TASK BRIEF:
Going through the entries below, copy out each line that contains "with".

SUPPLIED DATA:
=== Section Start ===
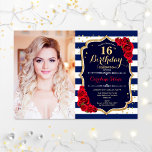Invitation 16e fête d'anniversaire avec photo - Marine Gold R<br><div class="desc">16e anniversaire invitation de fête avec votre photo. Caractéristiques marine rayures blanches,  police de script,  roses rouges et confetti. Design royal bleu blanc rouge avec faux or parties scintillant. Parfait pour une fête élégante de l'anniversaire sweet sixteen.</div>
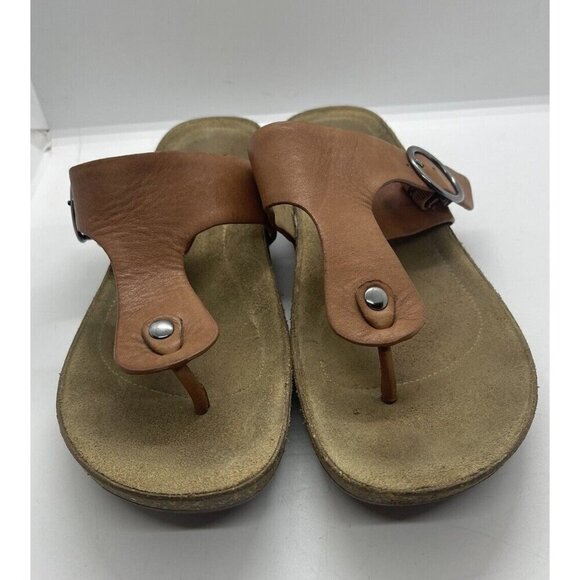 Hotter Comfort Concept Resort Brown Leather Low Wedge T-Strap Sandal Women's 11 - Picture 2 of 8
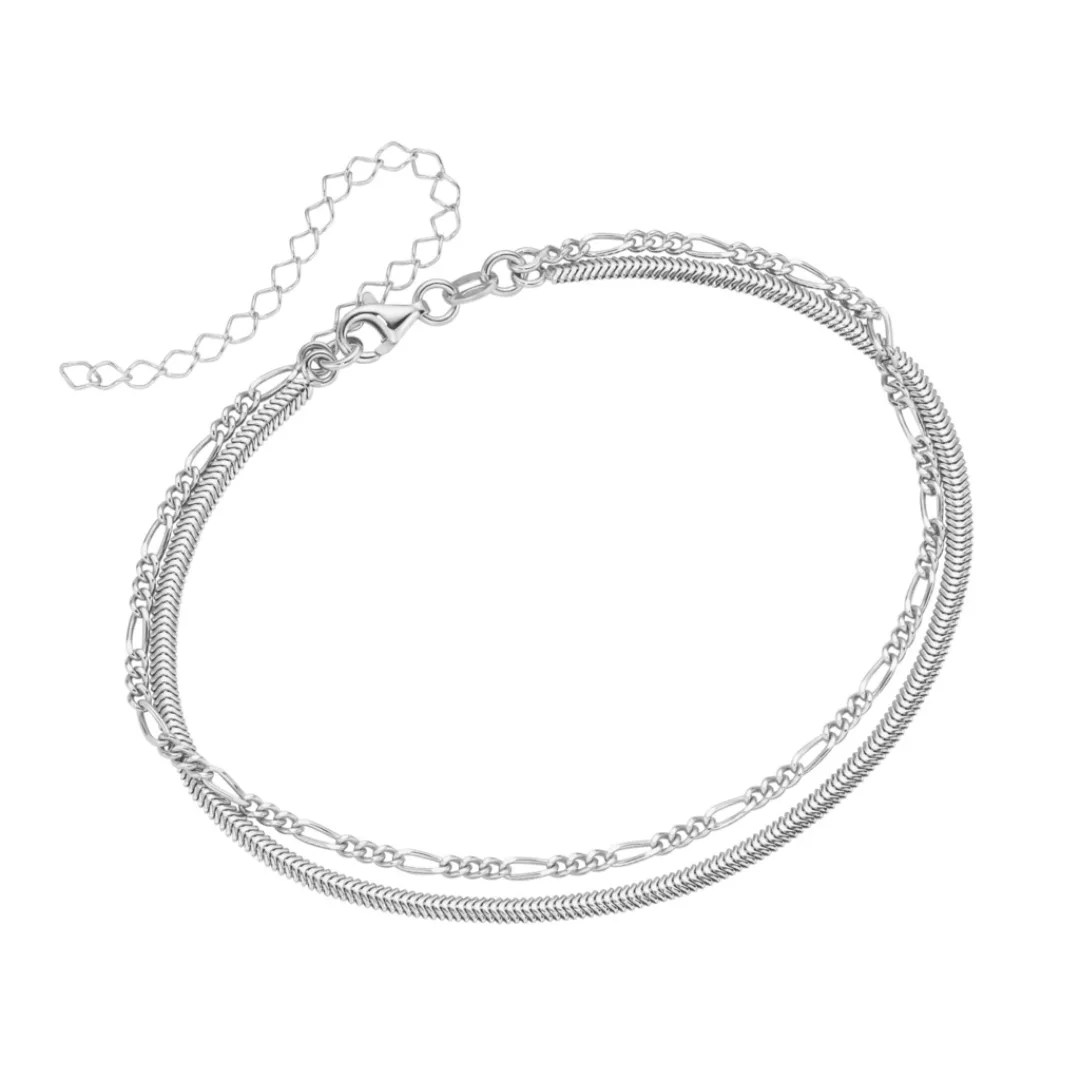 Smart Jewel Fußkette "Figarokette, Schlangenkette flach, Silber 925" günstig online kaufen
=== Section End ===
=== Section Start ===
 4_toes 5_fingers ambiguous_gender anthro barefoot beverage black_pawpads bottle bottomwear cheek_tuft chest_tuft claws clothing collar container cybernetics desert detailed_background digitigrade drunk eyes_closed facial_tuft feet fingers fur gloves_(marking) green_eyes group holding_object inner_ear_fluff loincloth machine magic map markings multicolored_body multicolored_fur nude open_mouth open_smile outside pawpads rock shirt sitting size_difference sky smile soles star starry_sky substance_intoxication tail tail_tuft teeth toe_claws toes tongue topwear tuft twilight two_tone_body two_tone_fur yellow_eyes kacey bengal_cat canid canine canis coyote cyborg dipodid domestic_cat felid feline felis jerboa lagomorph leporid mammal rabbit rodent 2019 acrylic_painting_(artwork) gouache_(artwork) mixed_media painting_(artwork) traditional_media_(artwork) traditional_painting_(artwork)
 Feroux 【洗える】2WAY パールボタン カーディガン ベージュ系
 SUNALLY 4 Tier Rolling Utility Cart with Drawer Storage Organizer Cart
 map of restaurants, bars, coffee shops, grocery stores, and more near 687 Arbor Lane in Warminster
=== Section End ===
=== Section Start ===
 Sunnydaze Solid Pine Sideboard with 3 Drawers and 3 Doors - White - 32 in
=== Section End ===
SOLUTION BELOW:
 SUNALLY 4 Tier Rolling Utility Cart with Drawer Storage Organizer Cart
 Sunnydaze Solid Pine Sideboard with 3 Drawers and 3 Doors - White - 32 in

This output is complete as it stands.